Selon Thiel, la Chine fait preuve d’un pessimisme déterminé. Elle copie inlassablement l’Occident pour se développer, mais elle a conscience qu’il sera impossible d’offrir à sa population immense le niveau de vie des pays occidentaux. À l’opposé, Thiel veut promouvoir l’optimisme déterminé dans la culture occidentale contemporaine. C’est-à-dire que les Occidentaux comprennent le futur à venir et travaillent à le modeler. Cependant, il est sceptique sur le fait que les Européens vont suivre les Américains sur cette voie. Pour lui, l’Europe occidentale du 21e siècle se caractérise par un vague sens du déclin mêlé à l’intuition trouble que les grandes heures du continent sont loin derrière lui.

Il y a donc une forme de désenchantement dans le technofascisme ?
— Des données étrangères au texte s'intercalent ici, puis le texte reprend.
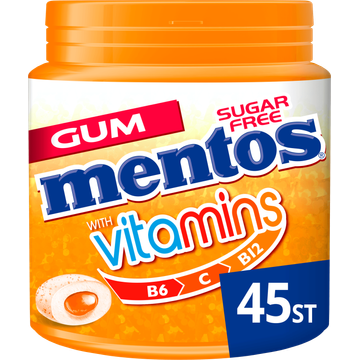 Mentos Gum Vitamins Citrus Blend Suikervrij - JUMBO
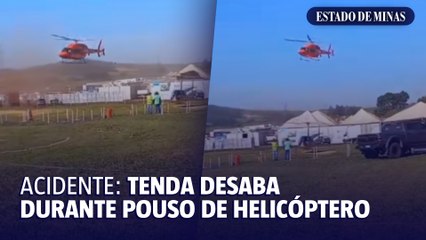 Tenda desaba e deixa feridos na Agrishow, Ribeirão Preto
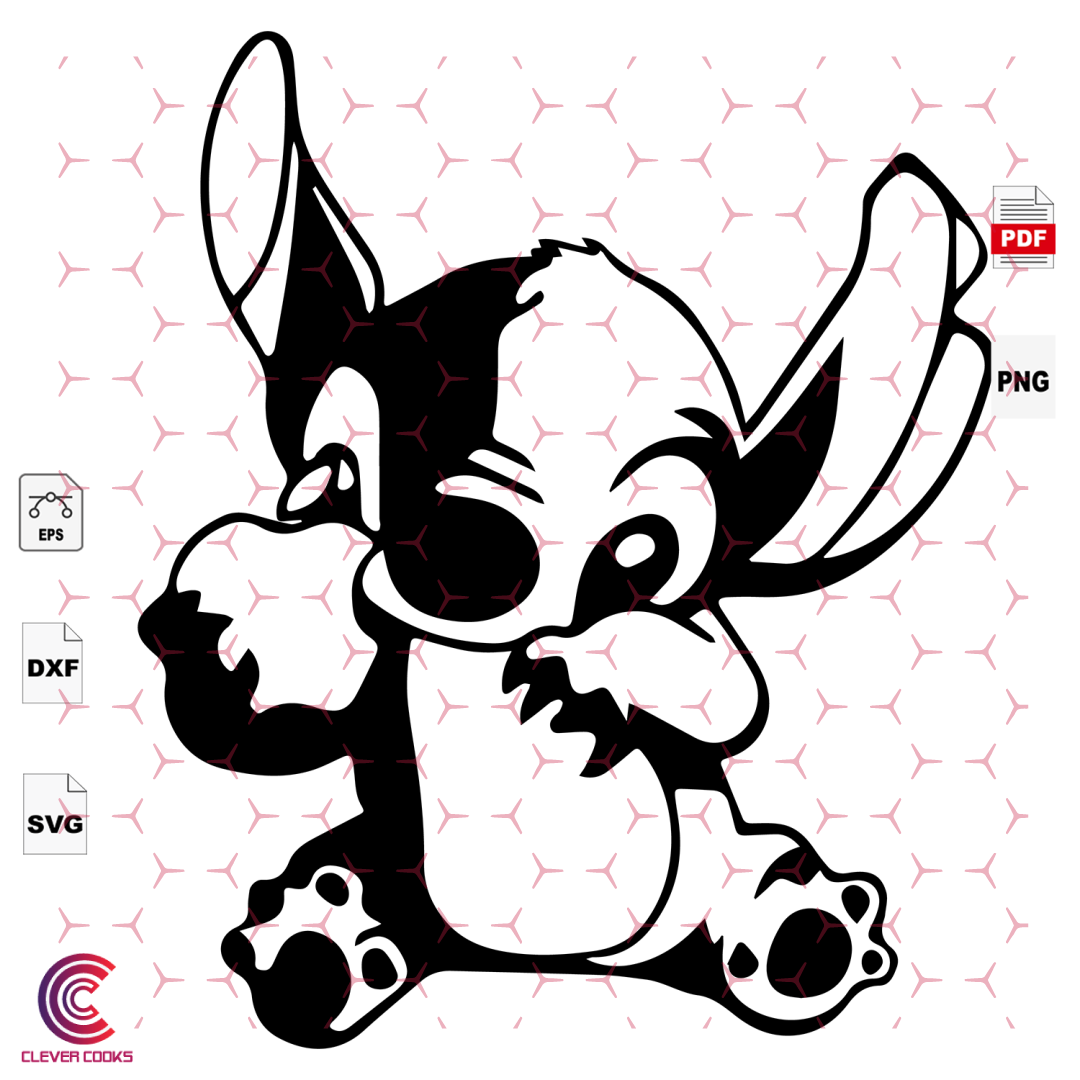 Stitch Svg, Stitch Vector, Stitch Lover, Stitch an | Inspire Uplift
Thiel souligne l’idée d’un épuisement de la foi dans le futur et du désir de le faire advenir. Les progrès technologiques d’aujourd’hui font pâle figure avec les espoirs exaltés des années 1950 et 1960, notamment sur le voyage spatial. L’ethos du conquérant capitaliste et de la technologie font défaut à l’Occident. Il déplore le déclin de l’idée futuriste. C’est pour cette raison que Thiel aime les projets de conquête spatiale de Musk.

Y a-t-il des oppositions aux technofascistes ?

On a vu des résistances au pouvoir des technofascistes, notamment contre Elon Musk. En effet, suite à son engagement en faveur de Trump, des activistes ont visé ses entreprises. On a vu des piratages de véhicules Tesla. Ces actions pouvaient s’accompagner également de destruction de véhicules. Les actions boursières des entreprises d’Elon Musk ont chuté suite à ces actions. Les États pourraient faire pression sur les entreprises de la tech basées dans leurs pays.